Sometimes, when you live with a Chronic illness, it’s easy to overlook the abundance in your life. A few may even tell you that they have nothing to be thankful for. Yet, their perception couldn’t be farther from the truth. We have all had the difficult years. Those that are riddled with flares and setbacks. We have all experienced bad news … followed by worse news. It’s hard to bear. It hurts, in numerous ways. Still, we know that we have been blessed with abundance. And, in our heart of hearts, we are (or should be) thankful … hopeful … even joyful.
“Give and it will be given to you …” — Luke 6:38
Scripture holds many verses on the subject. All are meant to teach and inspire.

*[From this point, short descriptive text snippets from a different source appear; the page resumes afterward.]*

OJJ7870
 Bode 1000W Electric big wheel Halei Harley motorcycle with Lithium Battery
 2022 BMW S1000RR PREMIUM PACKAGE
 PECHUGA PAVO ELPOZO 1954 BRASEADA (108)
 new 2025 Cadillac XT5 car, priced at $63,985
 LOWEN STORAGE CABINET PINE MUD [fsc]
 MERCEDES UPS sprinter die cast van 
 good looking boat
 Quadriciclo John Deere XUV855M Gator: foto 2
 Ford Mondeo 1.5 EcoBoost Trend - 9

In Deuteronomy 24:19-21, we are instructed to remember and provide for, “… the foreigner, the fatherless and the widow.” Our abundance exists, whether in our fields or on our tables. With that in mind, I want to expand upon the idea. There are countless ways that we all can share our abundance. And there is no better time than the present to do it. This holds true for those who live with Chronic illness and those who don’t.
Nothing helps you to understand need better than to give of yourself, your time and your abundance. Volunteer at a homeless shelter, or a food bank. Take a warm meal to a neighbor who is struggling with mobility issues. Give of your abilities to those who can use your help … rake leaves, clean gutters, have a chat, run an errand, invite the lonely, etc. It’s a small gesture, in the grand scheme of things. But to the person in need, what you do is priceless.
Personally, I have always found that giving of myself helps me to keep a better perspective of my own life. Living with multiple Chronic illnesses can be frustrating. I can’t deny that. But when I am helping others, I see beyond myself. Suddenly my flare doesn’t seem as bad, or as overwhelming as it once did. The additional tests and/or medication isn’t as much of an inconvenience. During these moments, I’ve realized that I’m doing pretty good — I’m managing my illnesses. It isn’t the other way around. I’m contributing to the world around me. I’m doing so many things that I enjoy doing. Other times, I have been inspired by people who are physically less fortunate than me. And I have become even more tenacious … to try harder, eat healthier, etc. My father, a WWII veteran, used to say, “It can always be worse.” This is so true.
So as Thanksgiving approaches, look around you. Embrace your abundance. Be thankful for every good day — for all that you have. Be realistic in your own expectations. Be hopeful. And reach out to those in need. Together, we are in this journey called life. Dare to care!